RAW DATA:
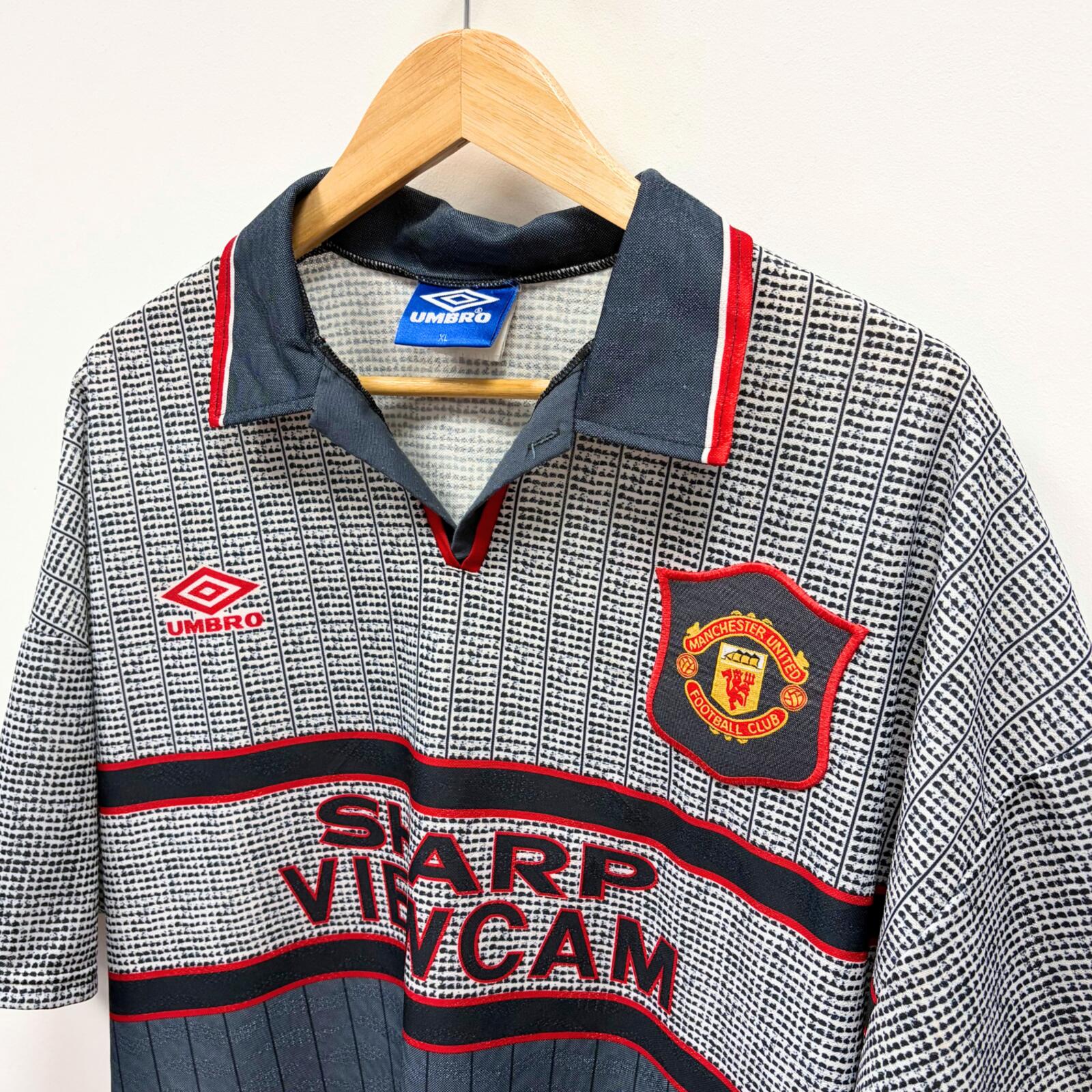 Vintage 1995/96 Manchester United Jersey Away Grey XL Umbro Retro Unisex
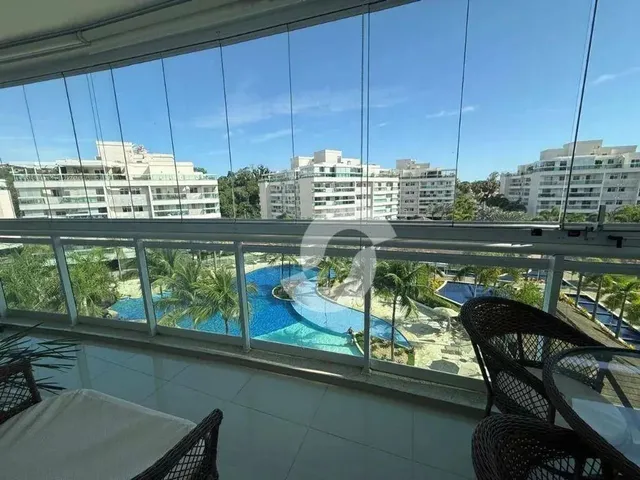 Imagem: Apartamento com 4 Dormitórios À Venda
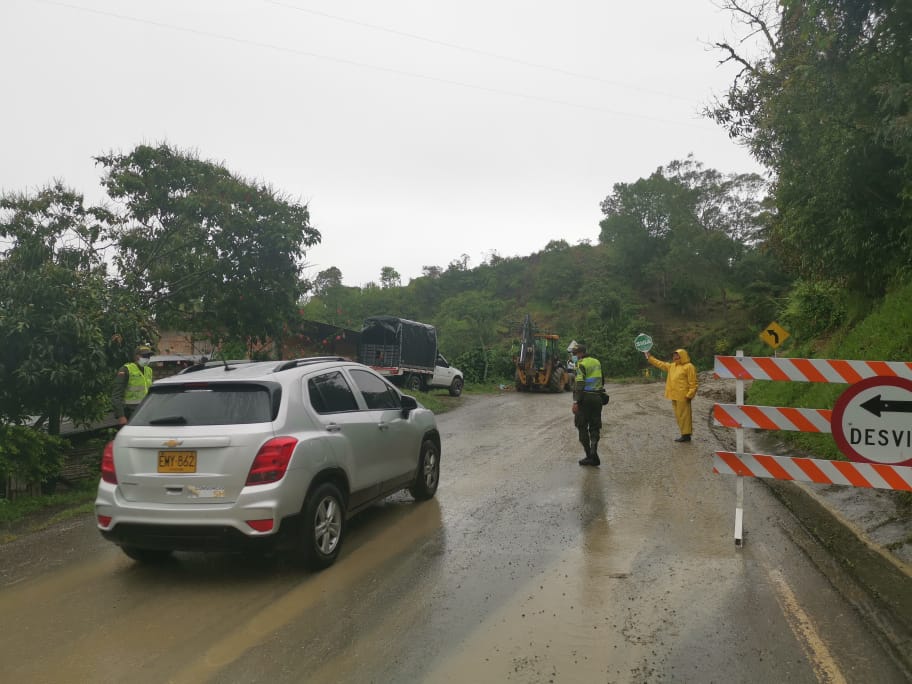 Paso a un carril en un tramo de la vía Popayán-Pasto por derrumbe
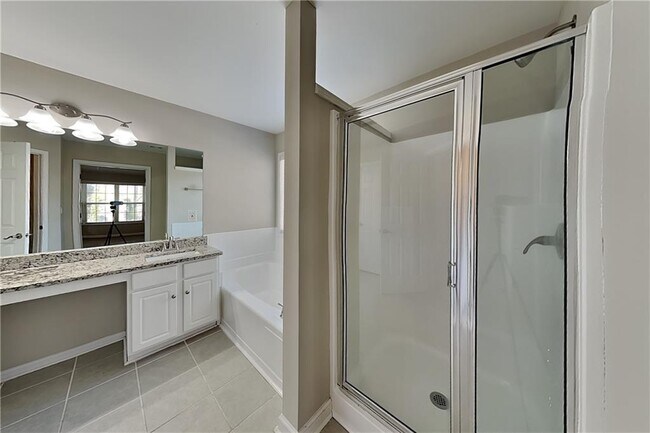 Building Photo - 450 Fairway Walk Dr NE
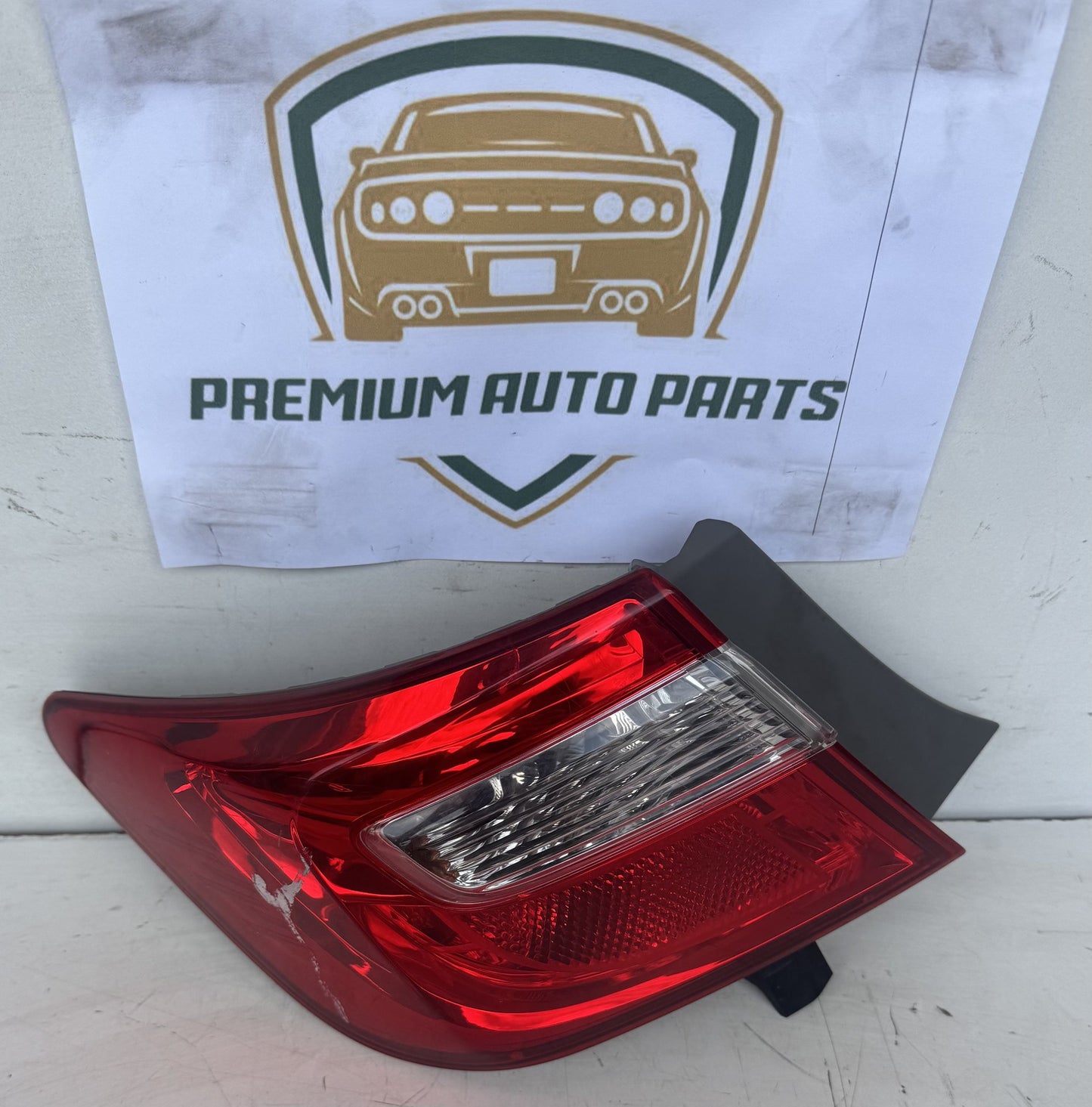 2016   Left Taillight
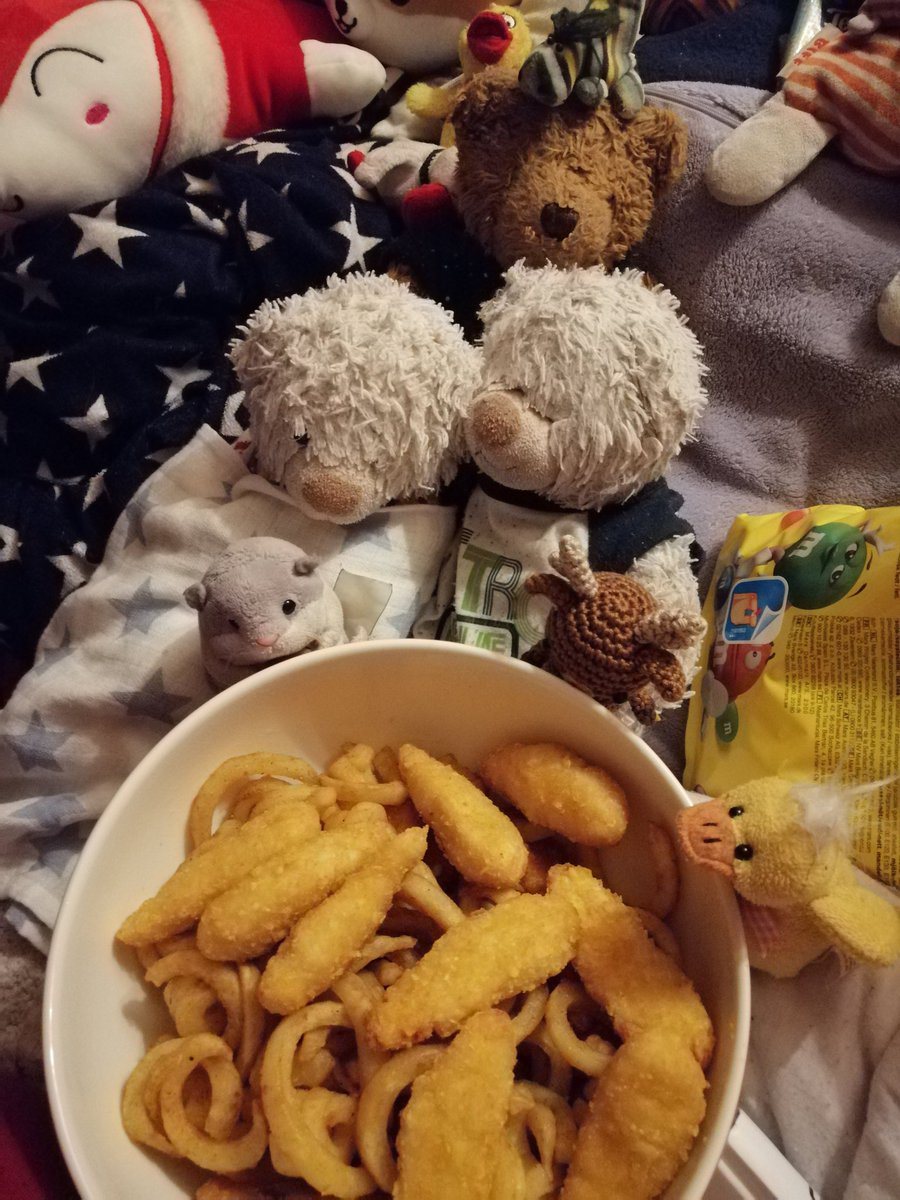 DDehamelin's tweet photo. Wir wollen #HardPowder gucken aber der arme Männer Human ist eingeschlafen.
Nu ja, da esse wir mit Mama Nuggets und Pommes.
Muss ja gemacht werden. https://t.co/vGawFtysmw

WORK TO COMPLETE:
Skip the pictures. Write out exactly the lines from the one with "Paso a un carril" through the last line of the listing, both ends included, and nothing more.

OUTPUT OF THE EXERCISE:
 Paso a un carril en un tramo de la vía Popayán-Pasto por derrumbe
 Building Photo - 450 Fairway Walk Dr NE
 2016   Left Taillight
 DDehamelin's tweet photo. Wir wollen #HardPowder gucken aber der arme Männer Human ist eingeschlafen.
Nu ja, da esse wir mit Mama Nuggets und Pommes.
Muss ja gemacht werden. https://t.co/vGawFtysmw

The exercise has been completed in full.